→ ASSIGNMENT
Any pictures in the records below must be left out when you repeat the lines from the line containing "Today I'm going" through the line containing "Let us see the" exactly.

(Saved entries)
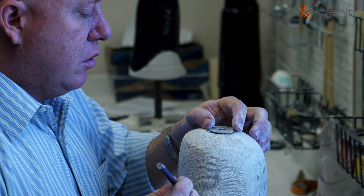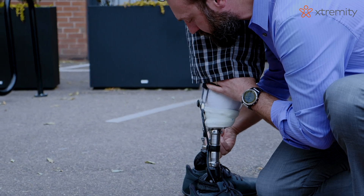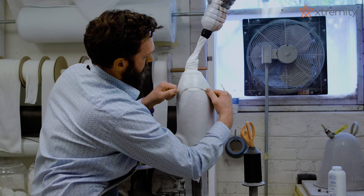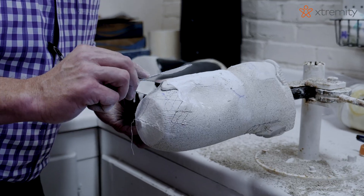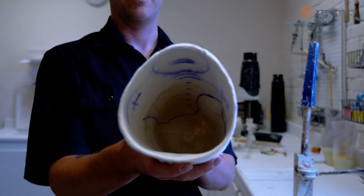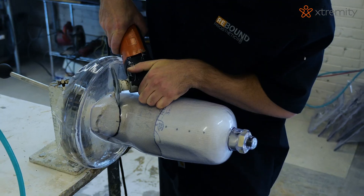I think prosthetists are ready for a change, but patients are even more looking for the next improvement in prosthetic socket design. In general, sockets have been built the same way for decades now. There's been virtually no change in the construction behind them and the ideas behind the fit. We've seen some changes in liners and suspension systems, but overall the sockets are very similar to what they were many, many years ago.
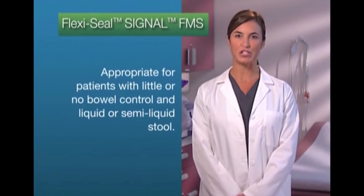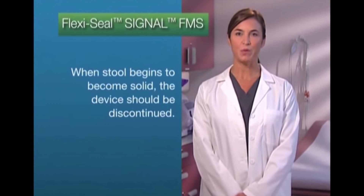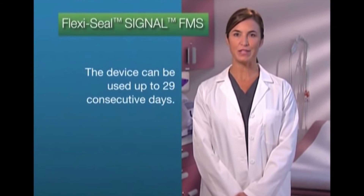Thank you for joining me for the introduction to the FlexiSeal Signal Fecal Management System. This system is appropriate for patients with little or no bowel control and liquid or semi-liquid stool. When the stool begins to become solid, the device should be discontinued. FlexiSeal Signal FMS can be used up to 29 consecutive days.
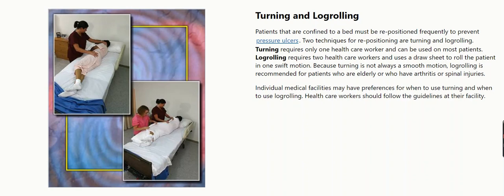Turning requires only one health care worker and can be used on most patients. Log rolling requires two health care workers and uses a draw sheet to roll the patient in one swift motion.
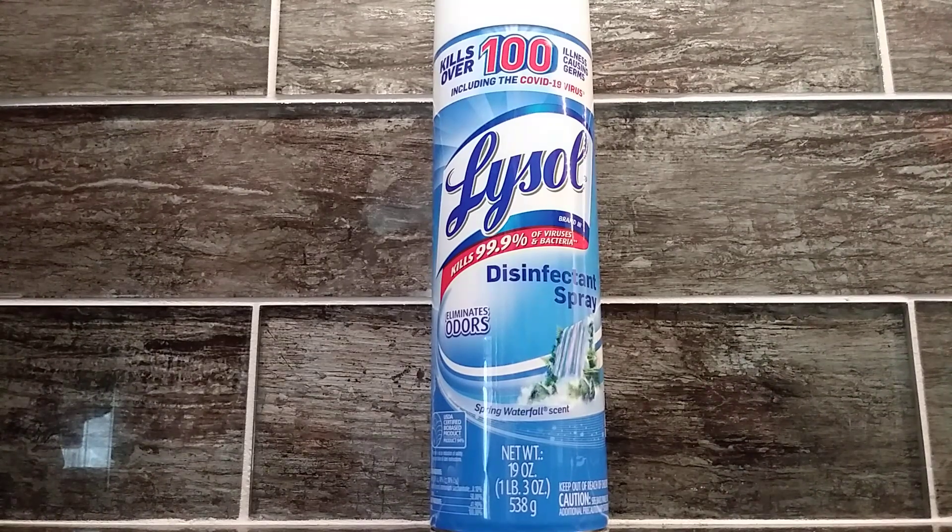Today I'm going to be showing you Lysol Disinfectant Spray. This product eliminates odors and kills 99.9% of viruses and bacteria.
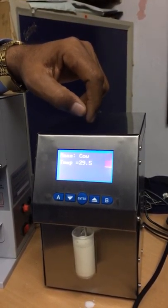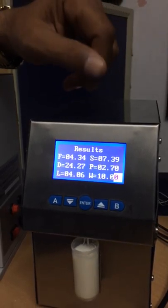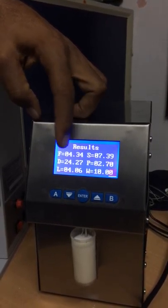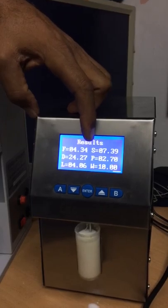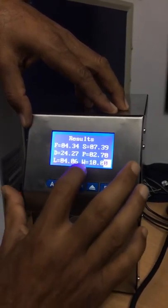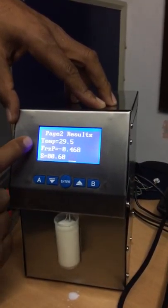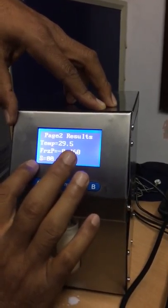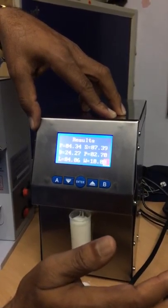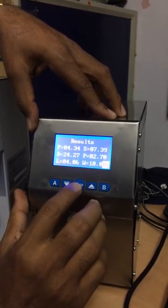Let us see the result. Now the result is already there: Fat = 4.34, SNF = 7.3, Density = 24.27, Protein = 2.7, Lactose = 4.06, Water = 10%. If you go to the next screen, it also shows temperature, freezing point, and salt. This is the main menu.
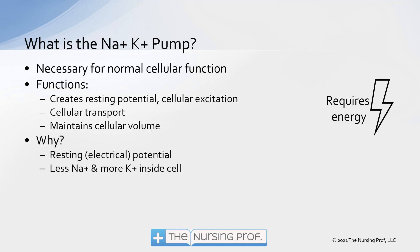It maintains our cellular volume. Sodium and potassium are two of the things that help us to move fluid around in the body. Sodium is primarily responsible for water levels outside of cells, whereas potassium is responsible for water levels inside the cell.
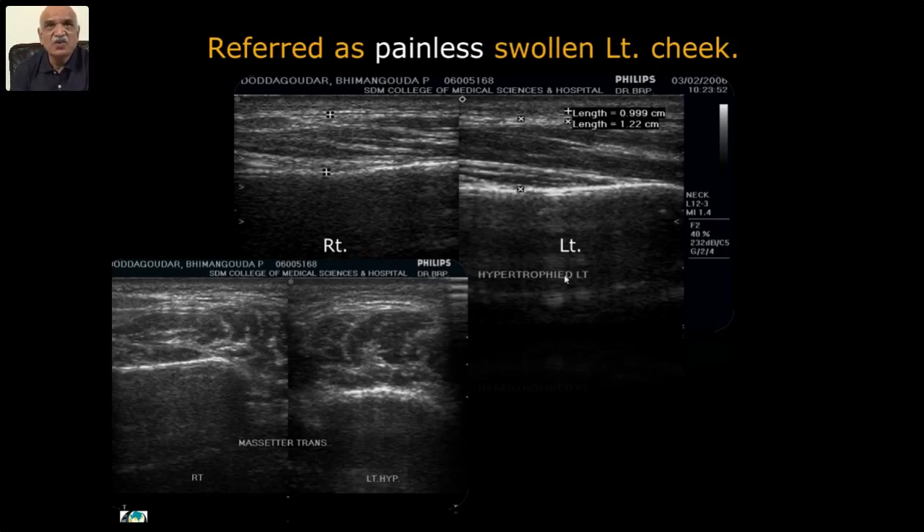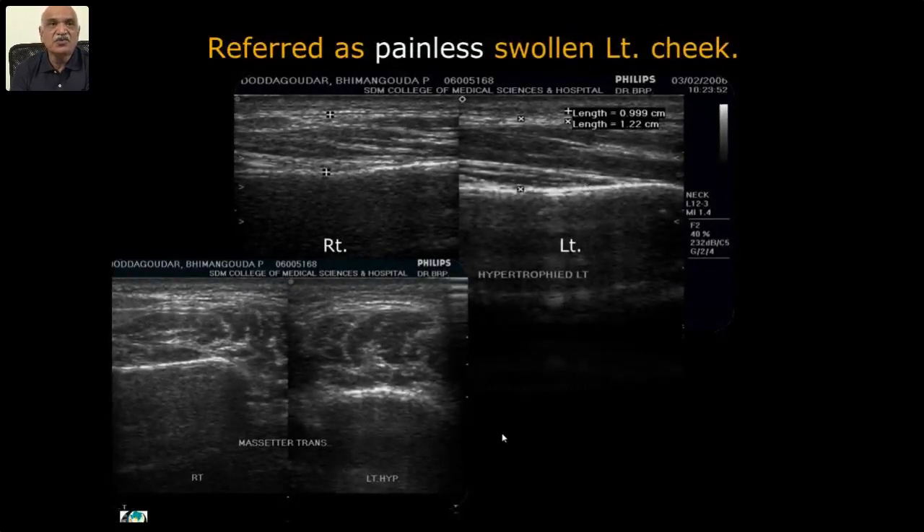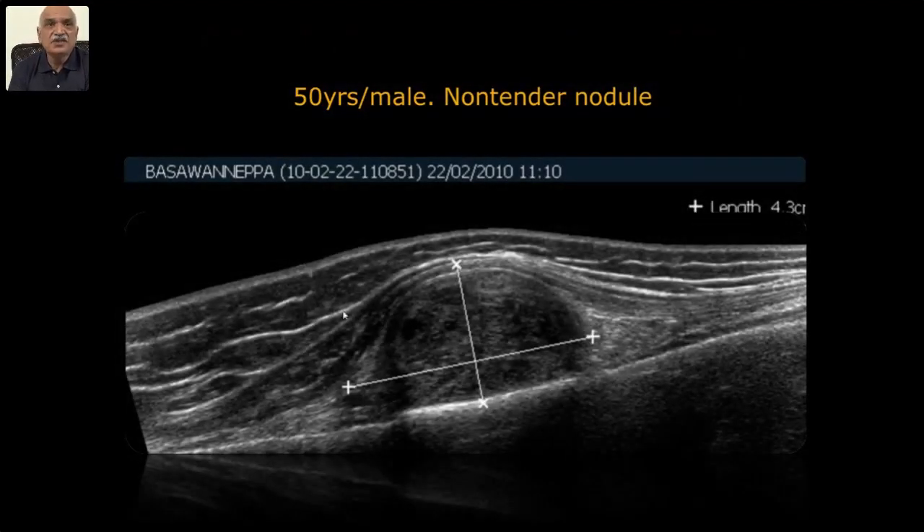Selective cases are referred — benign hypertrophy of the masseter is one of the differential diagnoses for painless swollen cheek on the left side. A non-tender nodule: with beautiful layers you can see the masseter — we could describe it as a benign connective tissue tumor intra-masseteric, and it came out as a neurofibroma. The point is: the beautiful anatomy, its location, its relation to the masseter (intra versus extra), and possible benignity or otherwise.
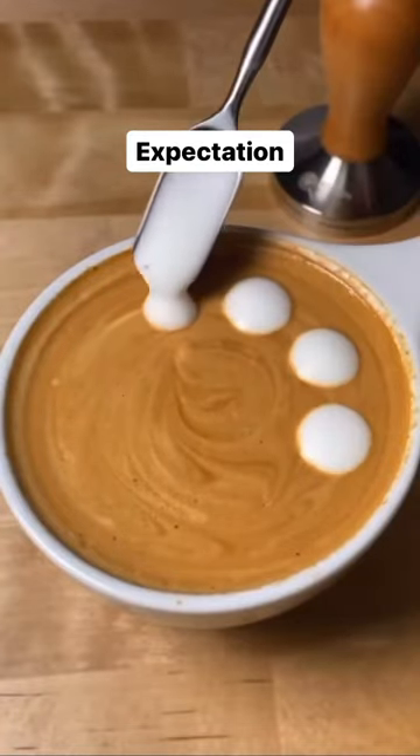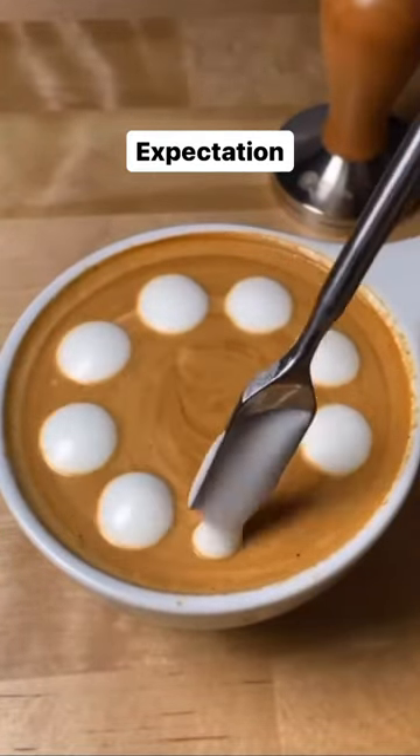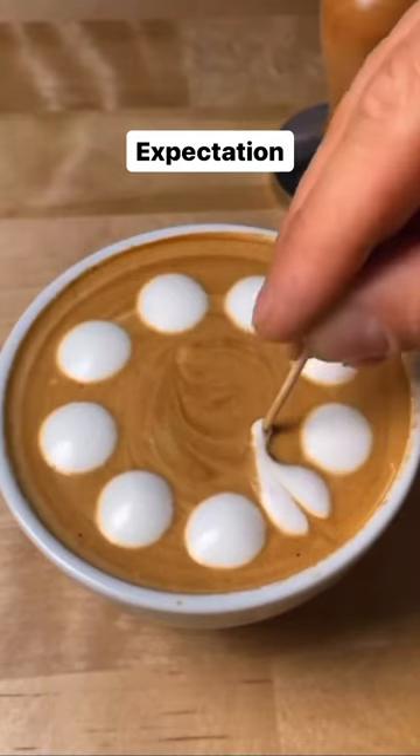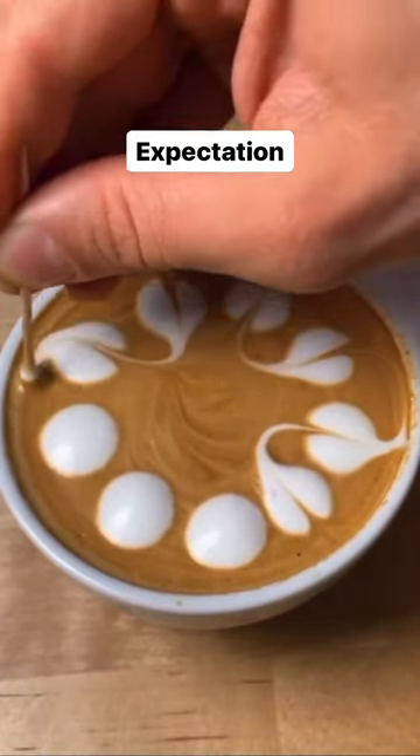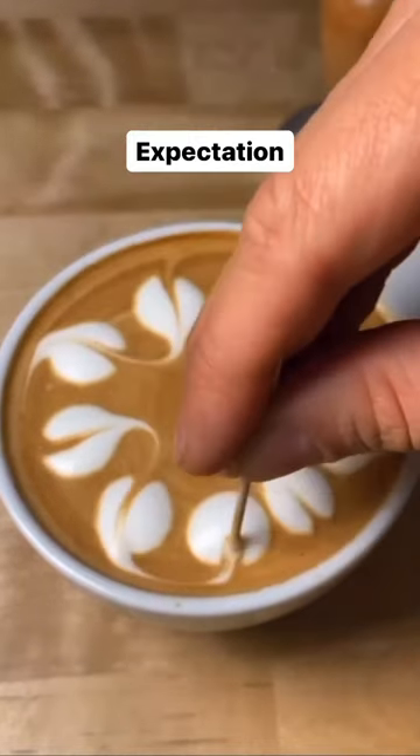We saw this viral latte art hack that uses a toothpick to create this aesthetic design. How cool is that? Seemed quite easy to us, so we definitely had to give it a try, and here is how it went.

→ ANSWER SECTION
Today I'm going to be showing you Lysol Disinfectant Spray. This product eliminates odors and kills 99.9% of viruses and bacteria.
Let us see the result. Now the result is already there: Fat = 4.34, SNF = 7.3, Density = 24.27, Protein = 2.7, Lactose = 4.06, Water = 10%. If you go to the next screen, it also shows temperature, freezing point, and salt. This is the main menu.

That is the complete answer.